The confusion is expensive. Marketing builds the brand. Media buying buys funded relationships. When a fiduciary firm conflates the two, the agency they hire was almost certainly built for the wrong one.

This piece explains the mechanism that separates real operators from form-fill vendors: a two-event model where the bidding algorithm gets re-anchored 14 to 21 days after the discovery call, when the custodian confirms a funded account. If that loop isn’t wired, your spend is training Google to find people who book calls, not people who fund $400K+ rollovers.

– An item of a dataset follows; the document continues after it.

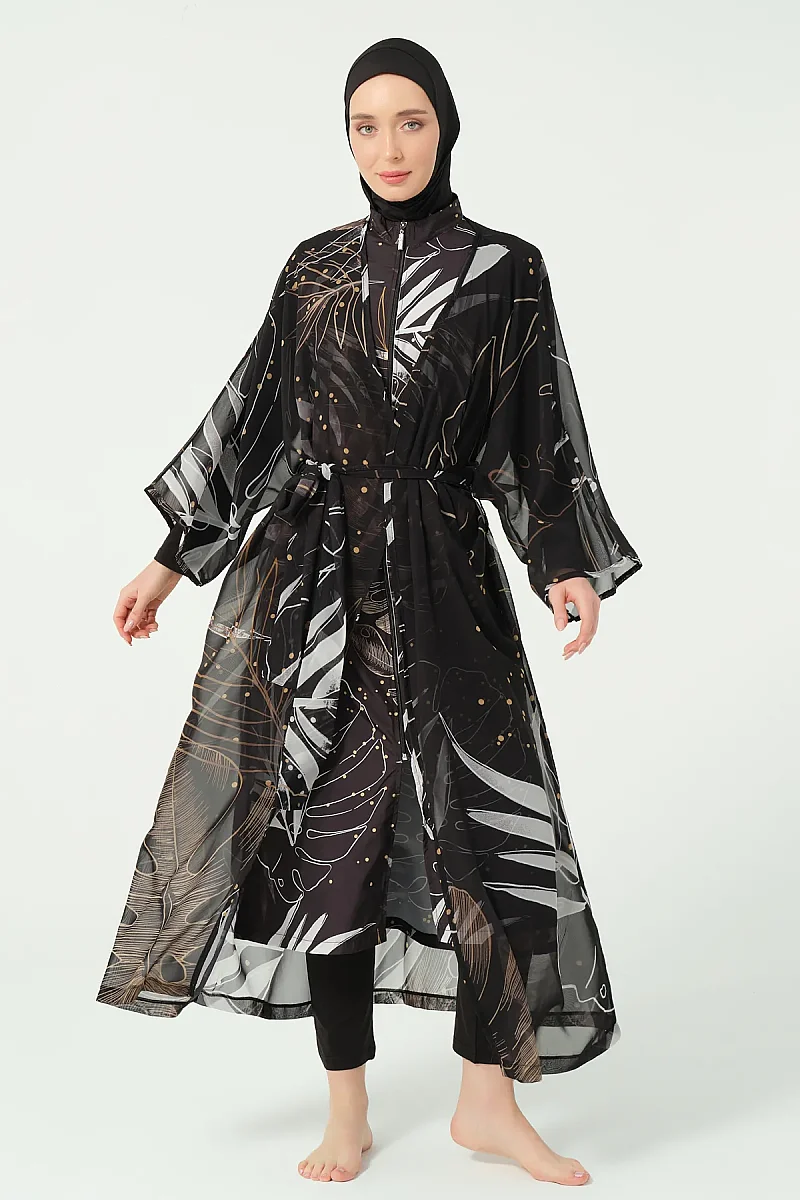Alfasa Gold Desenli Uzun Kimono Detaylı Tesettür Mayo 25535-26 - Siyah - 3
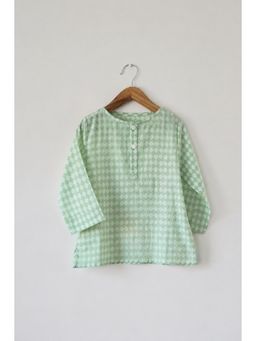 Love the world today - Sleepover Party Kids Unisex Kurta In Sage Green Rhombus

Media Buying for RIA Practices Isn’t Marketing, It’s a Paid-Acquisition Discipline Measured in Funded AUM

Media buying for an RIA is paid acquisition optimized toward one number: cost per funded household at the custodian. Everything else (impressions, clicks, form-fills, even booked discovery calls) is a leading indicator. Not the score.

RIA marketing is the broader bucket: brand, content, referrals, SEO, social, podcasts, events. All of it has value. None of it is media buying. When a generalist agency sells “RIA marketing” on a monthly retainer, they’re usually delivering a content calendar plus some boosted LinkedIn posts and calling that a paid program.

What paid acquisition for RIAs actually means

It means buying clicks and impressions across Google, Meta, YouTube, and LinkedIn that resolve, weeks later, to a signed advisory agreement and a funded custodial account. The agency’s job is to wire the feedback loop, manage the bid signal, write compliant creative, and report the only metric that matters at the household level.

Why cost per lead is a vanity metric for a fiduciary firm

Your business model is a percentage of assets under management. A $200 form-fill that never funds is worth zero. A $2,400 cost-per-funded-household on a $750K rollover at a 1% fee is a 38-month payback before you count second-account consolidation or referrals. The math only works when the agency reports on funded AUM, not lead count.

Key Concept: Cost per funded household = total media spend ÷ households that funded at the custodian. CAC as % of AUM = cost per funded household ÷ average funded AUM per household. The second number is the only one your CFO cares about.

The Two-Event Model: Why the Booked Call and the Funded Relationship Are Different Populations

Fire one signal when a prospect books a discovery call. Fire a second signal 14 to 21 days later when the custodian confirms a funded account. Without the second signal, your bidding algorithm is optimizing toward the wrong population.

Here’s why that matters. Google’s Smart Bidding and Meta’s Advantage+ are optimization engines. Feed them an event, and they’ll reliably find the cheapest humans who trigger that event. If the event is “booked a call,” the algorithm finds lookalikes of people who book calls. That’s curious DIY investors, sub-threshold prospects, retirees comparing five advisors, and a meaningful slice of people who never had funding intent.

People who book discovery calls and people who fund $400K+ rollovers are not the same population. They overlap, but the overlap is smaller than the booking data implies.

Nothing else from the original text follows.